GRAIN growers have improved access to climate information with 40 new automatic weather stations now installed and delivering vital data online.
The expansion has been undertaken by the Department of Agriculture and Food, supported by Royalty for Regions funding, to bring the network to more than 90 weather stations operating throughout the Wheatbelt and south west region.
In the Eastern Wheatbelt, the new weather stations are located at Beacon, Burracoppin, Corrigin, Hyden, Kellerberrin, Kondinin, Koorda, Mukinbudin, Narembeen, Trayning and Westonia.
Department Grains Industry executive director Peter Metcalfe said the initiative would deliver valuable local data, enabling growers to make more informed decisions to manage their crops and pastures.
The data will also improve the department’s long-range seasonal forecasting system.
“The stations play an important role in improving the accuracy and integrity of data in the department’s Statistical Seasonal Forecasting system and assist in predicting trends for the remainder of the season,” Mr Metcalfe said.

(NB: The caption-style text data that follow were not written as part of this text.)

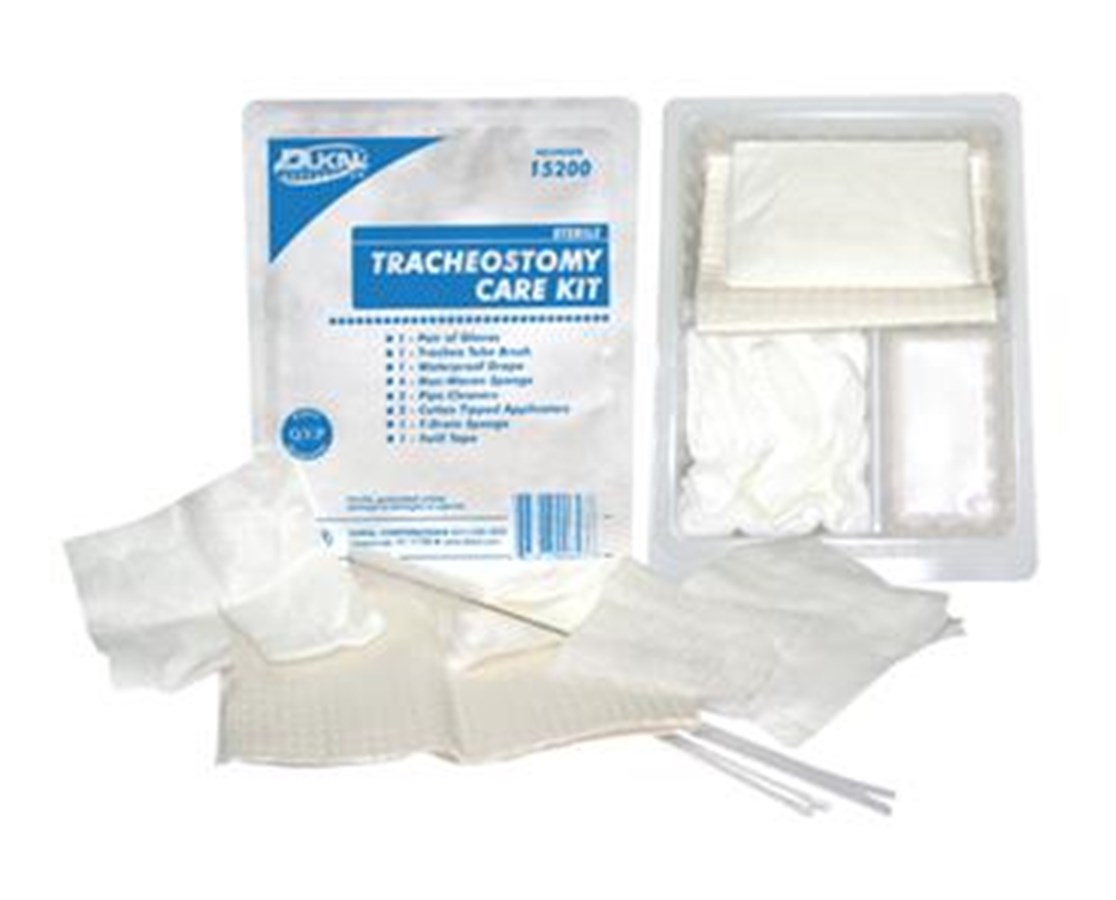 Dukal Tracheostomy Care Kits Save at Tiger Medical, Inc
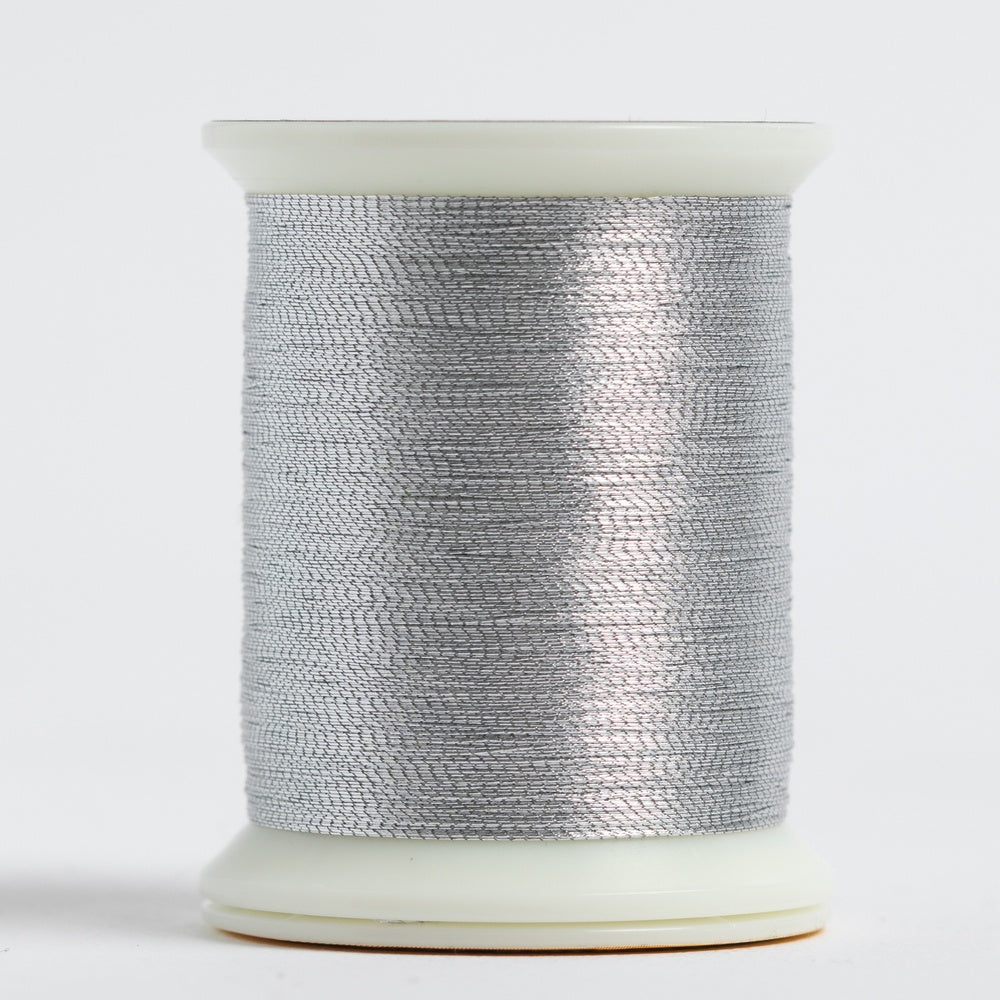 Metallics #064 Antique Silver spool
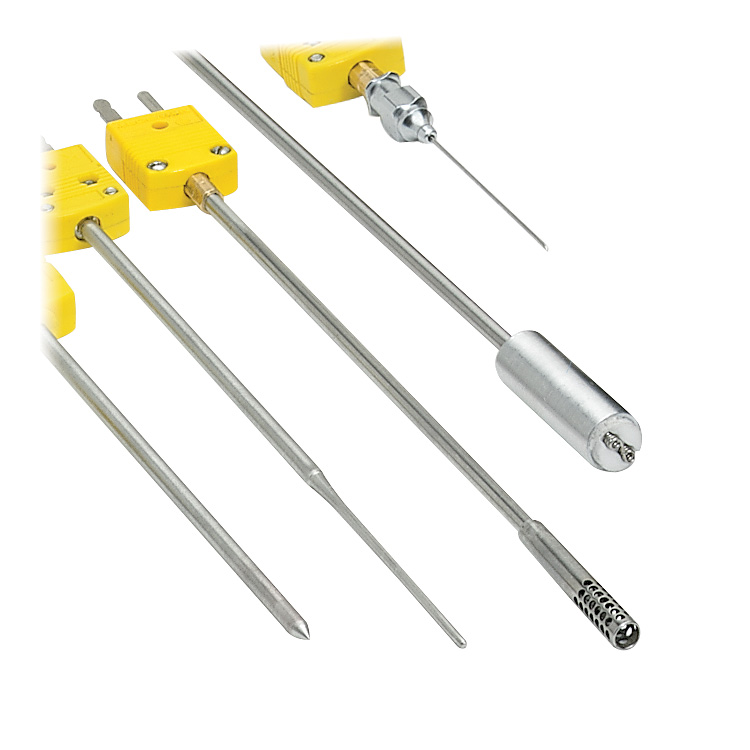 Quick Connect Thermocouple Probes with Utility Handle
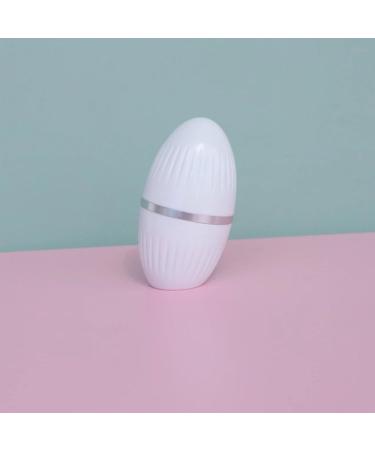 HONMEET Oil Absorbing Beauty Stick Walker Volcanic Stone Face Roller Volcanic Oil-absorbing Roller Ball Blotting Roller for Face Oil Roller for Face Oil Absorbing Ball Volcanic Rock White 5.70X3.00X3.00CM White - Buy Online on GoSupps.com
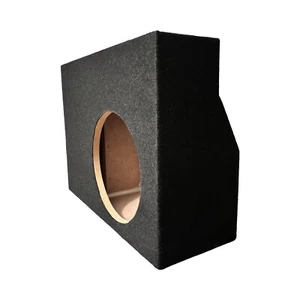 Toyota Tundra Crew Max 2022-2024 Contenitore Subwoofer 10" Singolo Sigillato - Nero - Foto 1 di 6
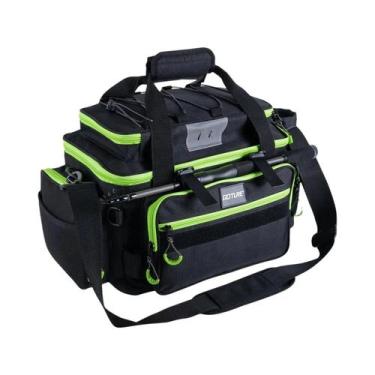 Imagem de Bolsa de Pesca Goture 40*23cm 600D, Resistente à Água, com Zíperes SBS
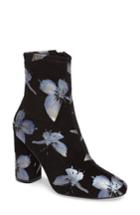 Women's Cecelia New York Fredda Butterfly Sock Bootie M - Black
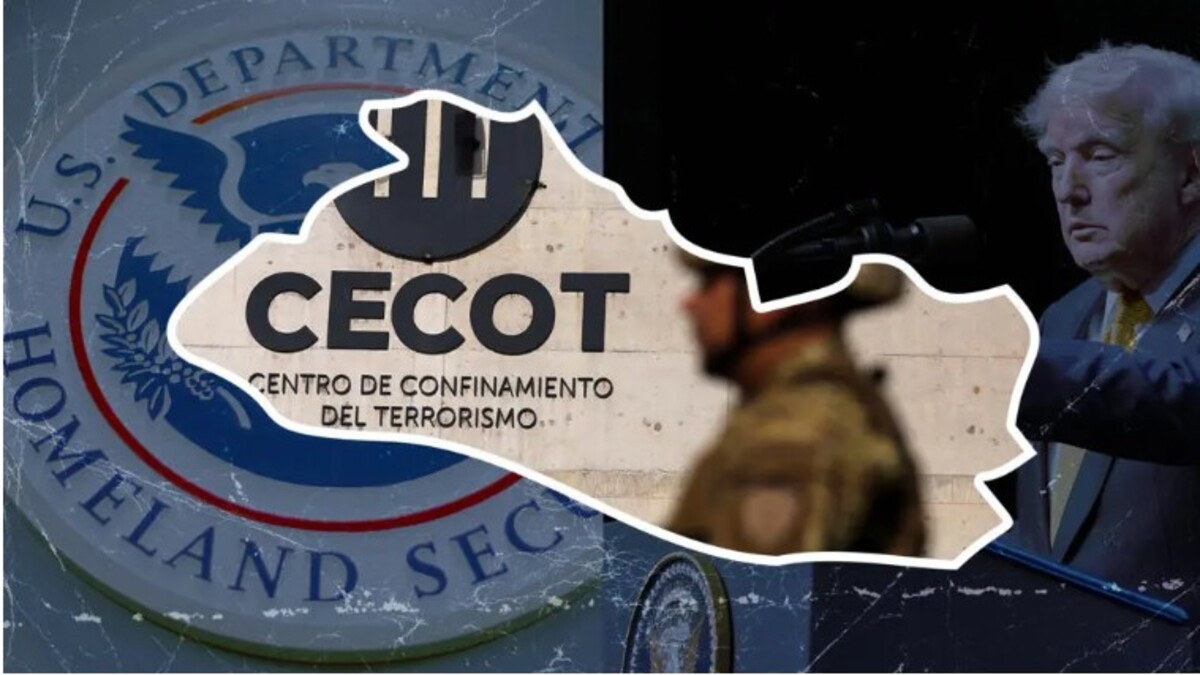Pacto secreto entre Trump e Bukele fez migrantes desaparecerem em prisão de segurança máxima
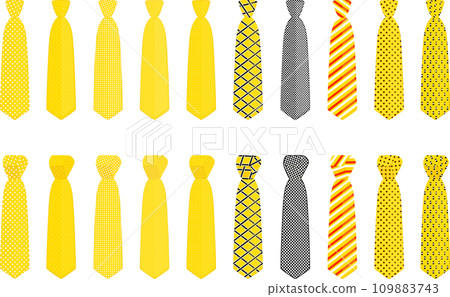 big set ties different types, neckties various size big set ties different types, neckties various size 109883743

“Data will also link into tools such as the crop yield estimator Yield Prophet to provide more robust risk management tools for growers.
“The department is investing in areas to ensure the industry is better equipped to manage risks.”
Stations provide near real-time data to the department’s website every 10 minutes with air temperature, humidity, rainfall, wind speed and direction.
Most stations also measure incoming solar radiation to calculate evaporation.
Department research officer Ian Foster said the weather information had national reach, with data feeding into the Bureau of Meteorology weather services and website as part of a national climate data sharing arrangement.
The weather stations were manufactured by South Australian based company MEA.
MEA founder and engineering director Andrew Skinner said governments, industry bodies and growers recognised that modern farming requires technology and gut feel and instinct were no longer enough on their own to make smart on-farm decisions.
“Environmental monitoring technology is increasingly becoming an essential tool and as valuable as the tractor or harvester,” Mr Skinner said.
“Growers are likely to log on daily, if not two or three times a day, to get localised data.
“Farming like all other industries is operating in the digital age and we’re likely to see even more web-based technology used by small and large farms alike.”